Supplied records:
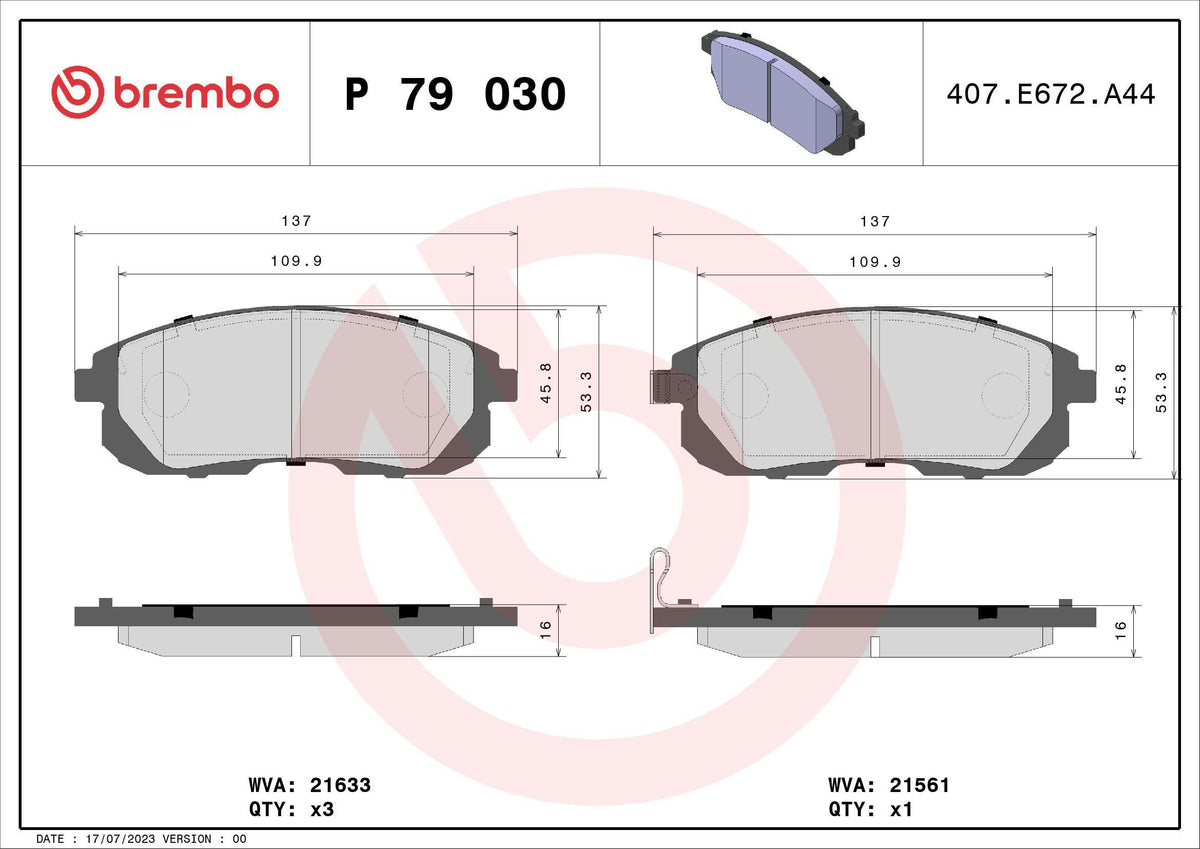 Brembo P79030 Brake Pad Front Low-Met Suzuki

...

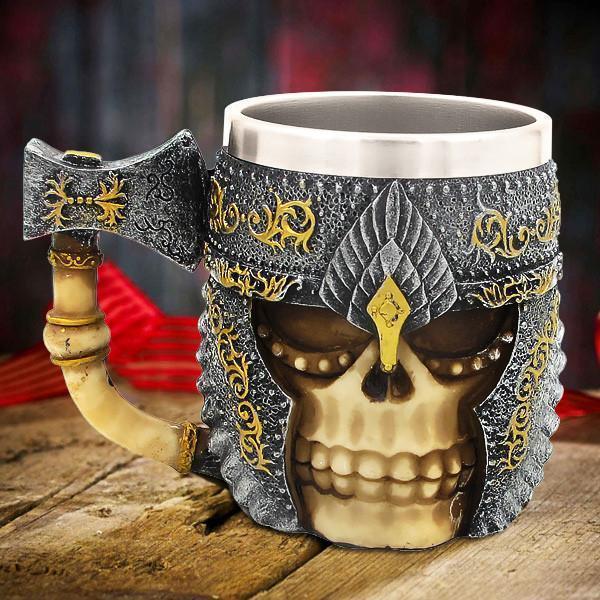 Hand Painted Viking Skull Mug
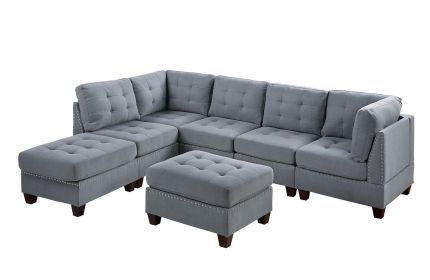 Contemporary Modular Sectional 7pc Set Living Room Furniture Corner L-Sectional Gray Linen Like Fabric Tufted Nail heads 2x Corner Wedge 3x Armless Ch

Work to complete: Could the stretch from the line with "Hand Painted Viking Skull Mug" through the line with "Contemporary Modular Sectional" in the listing above be restated word for word, minus the pictures?

Solution to this task:
 Hand Painted Viking Skull Mug
 Contemporary Modular Sectional 7pc Set Living Room Furniture Corner L-Sectional Gray Linen Like Fabric Tufted Nail heads 2x Corner Wedge 3x Armless Ch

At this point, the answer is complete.